**Exercise aim:** Which lines below fall between the one containing "Mother and baby in the autumnal park" and the one containing "woman with physiotherapist"? Repeat them exactly, counting both of those lines, and add nothing else.

**Input records:**

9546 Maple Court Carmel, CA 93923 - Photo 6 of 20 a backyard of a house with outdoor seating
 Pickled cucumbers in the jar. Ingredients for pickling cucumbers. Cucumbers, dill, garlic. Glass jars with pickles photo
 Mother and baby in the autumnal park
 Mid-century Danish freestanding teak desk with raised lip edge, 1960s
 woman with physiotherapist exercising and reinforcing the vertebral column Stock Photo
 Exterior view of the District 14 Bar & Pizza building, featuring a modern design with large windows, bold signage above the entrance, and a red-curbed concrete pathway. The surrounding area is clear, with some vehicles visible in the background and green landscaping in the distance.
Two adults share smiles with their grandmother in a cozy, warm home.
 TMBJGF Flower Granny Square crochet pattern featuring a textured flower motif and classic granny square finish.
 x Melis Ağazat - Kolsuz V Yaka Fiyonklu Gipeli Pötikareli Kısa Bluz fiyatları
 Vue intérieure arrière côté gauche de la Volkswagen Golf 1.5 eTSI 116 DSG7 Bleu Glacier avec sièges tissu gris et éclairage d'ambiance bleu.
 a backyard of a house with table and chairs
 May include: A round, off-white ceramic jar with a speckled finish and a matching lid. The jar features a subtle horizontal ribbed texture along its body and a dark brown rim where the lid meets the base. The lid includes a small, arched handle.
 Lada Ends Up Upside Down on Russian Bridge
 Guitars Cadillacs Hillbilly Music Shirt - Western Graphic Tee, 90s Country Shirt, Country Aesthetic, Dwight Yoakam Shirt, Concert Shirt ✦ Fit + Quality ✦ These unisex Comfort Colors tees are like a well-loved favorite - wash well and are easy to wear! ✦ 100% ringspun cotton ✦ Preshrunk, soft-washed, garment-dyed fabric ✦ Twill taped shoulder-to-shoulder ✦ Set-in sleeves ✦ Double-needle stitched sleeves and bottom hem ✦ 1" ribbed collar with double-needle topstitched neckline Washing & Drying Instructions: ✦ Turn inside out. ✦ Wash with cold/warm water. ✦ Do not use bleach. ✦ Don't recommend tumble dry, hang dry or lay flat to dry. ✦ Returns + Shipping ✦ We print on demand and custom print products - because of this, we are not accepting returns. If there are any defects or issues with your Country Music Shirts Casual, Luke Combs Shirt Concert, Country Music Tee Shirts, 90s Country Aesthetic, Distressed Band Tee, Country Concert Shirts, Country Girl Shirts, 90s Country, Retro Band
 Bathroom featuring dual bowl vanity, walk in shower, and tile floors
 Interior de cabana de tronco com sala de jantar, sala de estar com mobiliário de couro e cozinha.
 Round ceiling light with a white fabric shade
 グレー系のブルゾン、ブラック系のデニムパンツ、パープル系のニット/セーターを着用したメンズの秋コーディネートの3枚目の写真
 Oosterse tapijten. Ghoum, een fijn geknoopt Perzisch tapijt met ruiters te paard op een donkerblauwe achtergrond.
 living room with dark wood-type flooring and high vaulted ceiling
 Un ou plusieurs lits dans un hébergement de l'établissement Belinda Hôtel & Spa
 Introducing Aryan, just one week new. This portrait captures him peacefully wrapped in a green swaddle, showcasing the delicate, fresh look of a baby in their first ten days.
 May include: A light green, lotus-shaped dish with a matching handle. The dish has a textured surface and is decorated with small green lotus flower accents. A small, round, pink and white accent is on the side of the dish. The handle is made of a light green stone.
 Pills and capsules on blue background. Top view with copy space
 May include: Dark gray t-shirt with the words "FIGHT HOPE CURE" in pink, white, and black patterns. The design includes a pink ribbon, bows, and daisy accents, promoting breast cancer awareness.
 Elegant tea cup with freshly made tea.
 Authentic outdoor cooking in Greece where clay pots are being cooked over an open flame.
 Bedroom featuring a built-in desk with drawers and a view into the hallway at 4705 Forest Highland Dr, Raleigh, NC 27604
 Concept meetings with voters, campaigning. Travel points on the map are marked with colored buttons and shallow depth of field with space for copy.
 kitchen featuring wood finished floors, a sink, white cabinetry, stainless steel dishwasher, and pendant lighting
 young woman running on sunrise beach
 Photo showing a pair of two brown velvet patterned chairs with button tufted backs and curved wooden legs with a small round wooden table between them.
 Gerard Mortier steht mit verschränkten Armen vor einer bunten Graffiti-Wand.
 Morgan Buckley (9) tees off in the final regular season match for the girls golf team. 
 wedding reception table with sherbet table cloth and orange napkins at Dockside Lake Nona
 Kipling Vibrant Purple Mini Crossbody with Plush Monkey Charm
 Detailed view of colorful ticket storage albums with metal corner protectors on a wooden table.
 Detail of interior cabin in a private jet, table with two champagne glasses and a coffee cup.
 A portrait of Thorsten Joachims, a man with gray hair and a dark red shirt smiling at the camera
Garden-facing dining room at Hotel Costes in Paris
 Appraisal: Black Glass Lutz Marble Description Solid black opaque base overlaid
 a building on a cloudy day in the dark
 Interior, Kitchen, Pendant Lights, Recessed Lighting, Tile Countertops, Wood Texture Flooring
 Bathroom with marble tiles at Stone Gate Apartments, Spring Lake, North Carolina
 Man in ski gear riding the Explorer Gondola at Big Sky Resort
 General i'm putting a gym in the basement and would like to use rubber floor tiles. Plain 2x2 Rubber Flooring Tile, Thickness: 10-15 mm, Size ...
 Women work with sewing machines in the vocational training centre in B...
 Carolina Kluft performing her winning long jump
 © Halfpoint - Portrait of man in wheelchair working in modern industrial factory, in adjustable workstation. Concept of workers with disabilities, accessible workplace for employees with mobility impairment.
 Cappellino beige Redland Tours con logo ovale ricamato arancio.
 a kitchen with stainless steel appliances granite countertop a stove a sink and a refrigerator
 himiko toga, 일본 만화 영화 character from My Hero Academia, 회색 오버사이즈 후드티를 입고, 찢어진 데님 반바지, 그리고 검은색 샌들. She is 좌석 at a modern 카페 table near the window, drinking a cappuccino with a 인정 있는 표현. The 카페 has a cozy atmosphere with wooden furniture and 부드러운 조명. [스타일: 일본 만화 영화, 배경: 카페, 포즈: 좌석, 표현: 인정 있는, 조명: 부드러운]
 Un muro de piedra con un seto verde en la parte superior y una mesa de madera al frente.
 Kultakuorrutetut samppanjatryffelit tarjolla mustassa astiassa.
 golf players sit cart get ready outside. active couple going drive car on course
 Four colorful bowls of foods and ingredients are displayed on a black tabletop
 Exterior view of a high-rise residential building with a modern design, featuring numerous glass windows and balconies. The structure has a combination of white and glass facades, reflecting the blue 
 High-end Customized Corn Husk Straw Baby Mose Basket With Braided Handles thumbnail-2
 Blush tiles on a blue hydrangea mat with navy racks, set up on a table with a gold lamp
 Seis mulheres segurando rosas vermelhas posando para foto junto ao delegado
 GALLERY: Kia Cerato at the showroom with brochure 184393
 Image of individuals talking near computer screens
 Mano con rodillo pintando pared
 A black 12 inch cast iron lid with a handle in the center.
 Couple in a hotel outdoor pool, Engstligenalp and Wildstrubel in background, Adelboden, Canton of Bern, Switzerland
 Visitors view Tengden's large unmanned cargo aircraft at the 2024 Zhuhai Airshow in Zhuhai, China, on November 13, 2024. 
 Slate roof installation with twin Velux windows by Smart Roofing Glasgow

**Result of this exercise:**
 Mother and baby in the autumnal park
 Mid-century Danish freestanding teak desk with raised lip edge, 1960s
 woman with physiotherapist exercising and reinforcing the vertebral column Stock Photo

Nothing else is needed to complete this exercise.